His mind continues to return the day after the birth of his son. She said that a maternity nurse had brought a baby to her bedside to eat, but she immediately knew that it was not hers.

While the label on the cover bore its name, with a more in -depth look, another was written on the bracelet of the hospital that the babies were given a few moments after birth.

After the mixture, her son was returned to her and she retains the possibility – as small – that something similar has happened this time.

The International Committee of the Red Cross (ICRC) helps medical-legal investigators in Ukraine, giving advice and helps increase the capacity of a system that has not been designed to manage the disaster of a crushing war.

“They have great expertise within the country, and they know what they are doing. It is very clear that they are however out of date,” said Tania Bertrand, a judicial specialist at the Montreal ICRC who was based in Dnipro in the past year.

Crosses the graves of unidentified soldiers

Within a medico-legal laboratory in Dnipro, Valerii Viun removed the bone fragments from a box from the front line in the Ukraine Donetsk region.

The head of the medical criminology medical department posed them on the table. His goal is to determine if they are all human and how many people they could have belonged to.

VIUN said that when the remains include soft tissue, the laboratory will make a DNA test. But due to the violent nature of the war, the investigators sometimes have only fragments of bone with which to work.

Valerii VIUN, who heads a medical criminology department of the Ukrainian state, is preparing to examine the bones that arrived at a morgue in Dnipro from the first line of Donetsk region on August 27, 2025.
Valerii VIUN, who heads a medical criminology department of the Ukrainian state, is preparing to examine the bones that arrived at DNIPRO’s morgue in the Donetsk first -line region on August 27. (Angela Johnston / CBC)

“Everyone has the right to a decent life, and everyone has the right to worthy death,” said Vun. “We don’t want to allow someone to be named nameless.”
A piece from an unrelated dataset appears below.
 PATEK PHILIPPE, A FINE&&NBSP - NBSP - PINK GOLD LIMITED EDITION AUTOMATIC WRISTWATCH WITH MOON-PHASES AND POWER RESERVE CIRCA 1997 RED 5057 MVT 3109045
But in a sprawling cemetery in Dnipro, there is an increasing section dedicated to unidentified soldiers. The plates affixed to simple wooden crosses describe the person as “temporarily unidentified”.

The bodies are largely buried due to a lack of space in cold storage units.

Simple wooden crossings mark the tombs of unidentified soldiers in the eastern Ukrainian city of Dnipro.
Wooden crossroads mark the graves of unidentified soldiers in a cemetery in Dnipro. (Angela Johnston / CBC)

‘These children will never see their father again’

Apart from the forensic laboratory where Vun works, there is the constant buzzing of refrigeration trucks.

VIUN said he was now living in the hospital because there was so much work to do, and it becomes more and more difficult to reach his community further in the Dnipro region, where Russian forces are trying to push further and control even more Ukrainian territory.

At night sometimes, when the window is open, he said he hears the trucks, as well as the cries and cries of women who had just identified a loved one.

“The most difficult part is when you don’t have time to tighten a mother who has just recognized her son,” said Vun. “The most frightening thing is when I see children running here … and these children will never see their father again.”

The refrigerated trucks contain the remains of Ukrainian soldiers who are waiting to be identified and have returned to their families near a morgue in the east of the city of Dnipro.
Refrigerated trucks parked near a morgue in Dnipro contain the remains of Ukrainian soldiers who are waiting to be identified and return to their family. (Angela Johnston / CBC)

Sometimes he said, despite all the tests to confirm the identity of a person, a family simply does not want to accept that their loved one is dead, rather choosing to believe that they must be prisoners of war in captivity.

VIUN, who has been working in legal medicine for 45 years, said that he thought he would spend the rest of his life trying to identify the war of this war.

At the end of the war, he said, there will be a push of remains even more recovered in areas which have been largely inaccessible along the front.

“There will be a lot of bodies that have not yet been found and these bodies must be identified,” he said. “The work will always be hell for another 10 years.”